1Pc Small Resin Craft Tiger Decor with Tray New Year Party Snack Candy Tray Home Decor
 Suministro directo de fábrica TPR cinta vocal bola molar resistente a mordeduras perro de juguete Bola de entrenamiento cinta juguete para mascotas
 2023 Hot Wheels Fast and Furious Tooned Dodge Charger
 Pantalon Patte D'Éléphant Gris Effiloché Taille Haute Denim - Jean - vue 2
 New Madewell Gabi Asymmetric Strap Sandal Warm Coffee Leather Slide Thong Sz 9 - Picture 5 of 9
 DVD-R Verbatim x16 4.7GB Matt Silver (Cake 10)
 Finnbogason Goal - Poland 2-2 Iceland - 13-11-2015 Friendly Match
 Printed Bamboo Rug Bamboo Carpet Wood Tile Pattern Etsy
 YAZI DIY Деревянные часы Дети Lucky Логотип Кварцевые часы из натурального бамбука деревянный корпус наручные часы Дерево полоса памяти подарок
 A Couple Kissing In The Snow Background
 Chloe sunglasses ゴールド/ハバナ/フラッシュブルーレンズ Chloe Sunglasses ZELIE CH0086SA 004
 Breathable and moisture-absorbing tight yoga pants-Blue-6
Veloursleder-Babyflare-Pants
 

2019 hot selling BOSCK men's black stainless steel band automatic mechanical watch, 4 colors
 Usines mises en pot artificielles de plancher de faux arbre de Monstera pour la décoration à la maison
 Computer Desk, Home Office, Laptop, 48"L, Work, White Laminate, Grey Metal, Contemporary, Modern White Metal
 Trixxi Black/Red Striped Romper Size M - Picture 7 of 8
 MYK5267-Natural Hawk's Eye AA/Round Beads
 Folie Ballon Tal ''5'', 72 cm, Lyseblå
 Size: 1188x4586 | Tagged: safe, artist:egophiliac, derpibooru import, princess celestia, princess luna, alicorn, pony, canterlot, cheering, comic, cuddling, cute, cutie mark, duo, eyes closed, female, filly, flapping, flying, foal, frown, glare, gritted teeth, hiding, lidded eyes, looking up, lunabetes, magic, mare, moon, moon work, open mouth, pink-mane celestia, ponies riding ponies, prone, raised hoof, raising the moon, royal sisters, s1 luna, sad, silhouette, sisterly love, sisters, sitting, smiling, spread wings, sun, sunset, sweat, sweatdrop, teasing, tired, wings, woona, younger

> [What to work on] Say how many lines of the listing above include the word "Picture", giving the number alone.

> [Result below] 2